The U.N. Security Council voted 14 to 0, with one abstention, to pass a U.S. resolution ending 13 years of sanctions imposed on Iraq after its 1990 invasion of Kuwait. Syria, the only council member to abstain, said it was not given enough time to study the text before the vote.

"It is an extremely important restoration of council consensus," Britain's U.N. ambassador, Sir Jeremy Greenstock, told the Reuters news agency. Britain and Spain co-sponsored the resolution along with the United States.

French Foreign Minister Dominique de Villepin had signaled late Wednesday that France, Russia and Germany were all prepared to support the drive to end sanctions against Baghdad, despite reservations over giving the United States and Britain sweeping powers in Iraq, including control over the country’s vast oil supplies.

Keen to repair ties

"Even if this text does not go as far as we would like, we have decided to vote for this resolution," de Villepin said at a press conference in Paris, joined by German Foreign Minister Joschka Fischer and Russian Foreign Minster Igor Ivanov.

All three nations are keen to repair ties with the United States after breaking with Washington over its decision to wage war in Iraq.

Since Saddam Hussein’s regime has been toppled, Washington has argued, the sanctions should be lifted as soon as possible to help speed the reconstruction of the war-torn country. But several European nations have held out, hoping for an increased role for the United Nations in administrating Iraq.

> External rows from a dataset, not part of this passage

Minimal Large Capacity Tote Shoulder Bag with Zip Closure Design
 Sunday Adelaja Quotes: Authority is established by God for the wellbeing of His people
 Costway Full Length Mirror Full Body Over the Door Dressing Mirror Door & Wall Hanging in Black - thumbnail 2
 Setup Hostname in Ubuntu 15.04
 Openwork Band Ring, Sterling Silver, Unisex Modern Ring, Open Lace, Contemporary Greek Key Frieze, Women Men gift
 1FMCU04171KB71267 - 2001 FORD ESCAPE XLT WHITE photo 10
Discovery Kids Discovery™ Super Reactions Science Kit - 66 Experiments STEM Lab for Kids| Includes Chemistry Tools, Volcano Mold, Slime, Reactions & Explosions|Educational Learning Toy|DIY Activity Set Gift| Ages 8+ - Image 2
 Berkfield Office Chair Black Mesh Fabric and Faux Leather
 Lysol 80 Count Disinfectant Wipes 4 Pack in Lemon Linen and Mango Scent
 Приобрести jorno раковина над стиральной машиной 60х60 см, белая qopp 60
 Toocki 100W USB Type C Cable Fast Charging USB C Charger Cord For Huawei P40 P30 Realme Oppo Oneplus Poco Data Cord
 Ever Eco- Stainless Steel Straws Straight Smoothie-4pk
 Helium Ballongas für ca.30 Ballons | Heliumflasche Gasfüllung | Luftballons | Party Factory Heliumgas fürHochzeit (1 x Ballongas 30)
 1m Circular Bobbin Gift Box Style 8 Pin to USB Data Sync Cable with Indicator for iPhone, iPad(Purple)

The resolution would lift all sanctions except an arms embargo and also end the strict U.N. controls on the Iraqi economy imposed as part of the oil-for-food humanitarian

program, which would be phased out over six months.

U.N. "back in play"

De Villepin admitted the resolution was not totally to Paris’ liking, but said that, at the very least, the United Nations was “back in play.”

Fischer also reiterated Berlin’s opposition to the U.S.-led campaign in Iraq. “Our attitude towards war is unchanged,” the Associated Press quoted him as saying. “We don’t have anything to take back.”

For it’s part, Russia backed down from a demand that U.N. inspectors return to Iraq to make sure the country was free of chemical, biological and nuclear weapons. Washington used Baghdad’s alleged stockpile of weapons of mass destruction as the main reason for launching its military campaign against Iraq. But even weeks after the end of the war, coalition forces have yet to find evidence of such weapons.